- Flexibility is passive range of motion; mobility is active, controlled range of motion.
- You can be flexible without being mobile if you lack strength through your range.
- Training both flexibility and mobility produces the best functional movement outcomes.
Defining Flexibility and Mobility
Flexibility describes how far a joint can be moved passively, such as when a partner pushes your leg into a deeper stretch. It depends primarily on muscle and connective tissue length and elasticity.
Mobility is the ability to actively move a joint through its range of motion with muscular control and strength.
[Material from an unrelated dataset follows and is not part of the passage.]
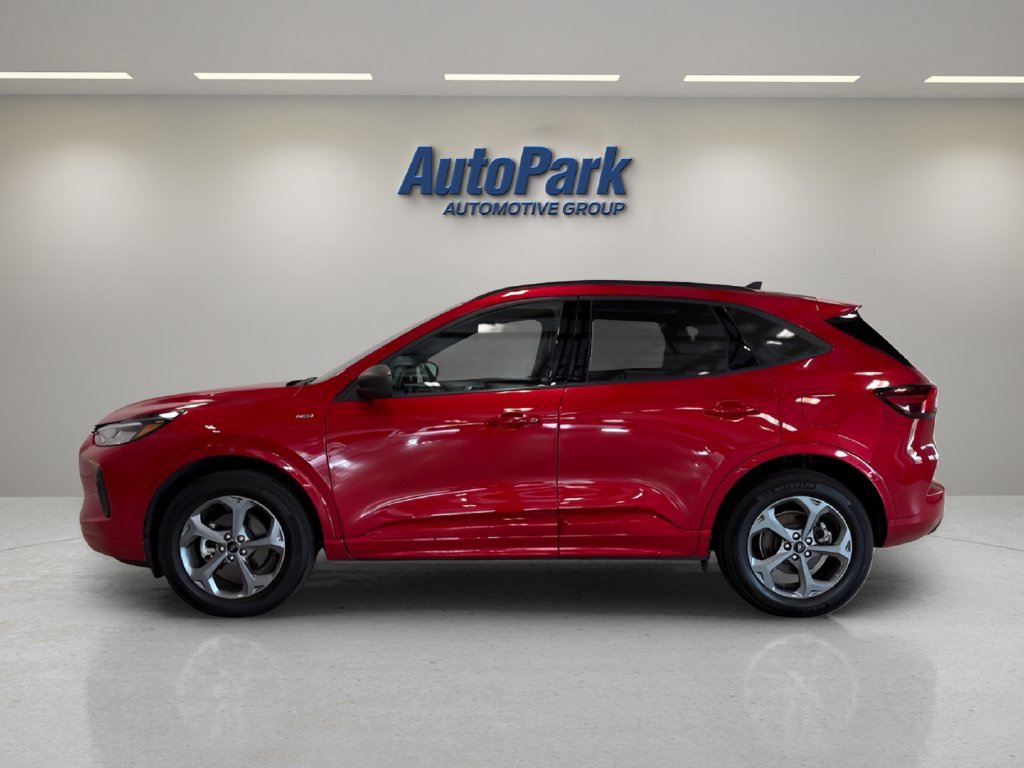 Certified 2024 Ford Escape ST-Line w/ Tech Pack #1 AWD/4WD image 4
A person with good mobility can both reach a position and maintain it with stability, which is what matters for real-world movement.
- Flexibility: passive range of motion at a joint
- Mobility: active, controlled movement through range of motion
- Mobility requires both flexibility and strength
Why Both Matter for Health
Adequate flexibility prevents muscles from becoming so tight that they restrict joint movement or alter posture. Without sufficient flexibility, joints are forced to compensate, increasing wear and injury risk.
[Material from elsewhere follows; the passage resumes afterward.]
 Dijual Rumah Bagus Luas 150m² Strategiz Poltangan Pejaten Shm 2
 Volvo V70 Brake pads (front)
Mobility ensures you can use your available range of motion safely and effectively in daily activities and exercise. The ACSM emphasizes that functional movement requires both the range (flexibility) and the control (mobility) to move through it.
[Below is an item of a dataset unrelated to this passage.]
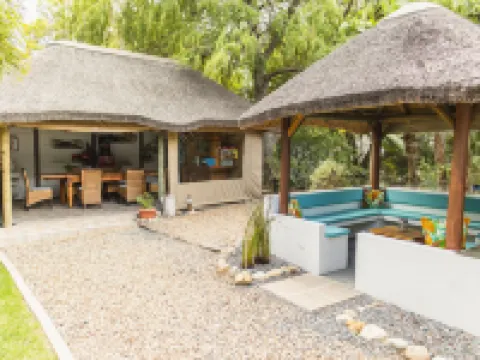 Khashamongo B & B Hotels near Somerset Value Mart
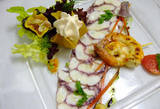 Carpaccio de pulpo con mayonesa y tocino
- Flexibility prevents restrictive tightness and postural problems
- Mobility ensures safe, controlled movement under load
- Both reduce injury risk during physical activity
How to Train Each
Flexibility is best trained with static stretching: hold each stretch for 15-30 seconds, 2-4 repetitions per muscle group. This is most effective when muscles are warm, such as after exercise or a warm shower.
Mobility is trained through controlled, active movements like leg swings, arm circles, and deep squats performed slowly through full range. Adding light resistance (bands or bodyweight) builds the strength needed to own your range of motion.
- Flexibility: static stretches held 15-30 seconds
- Mobility: controlled active movements through full range
- Combine both in your routine for optimal results
Sample Combined Routine
A balanced routine alternates between mobility drills and static stretches. Begin with 5 minutes of mobility work (hip circles, shoulder pass-throughs, ankle circles, cat-cow) to warm up the joints actively.
Follow with 5-10 minutes of static stretching targeting the muscle groups most relevant to your activities or tightest areas. This combined approach takes only 10-15 minutes and addresses both passive range and active control.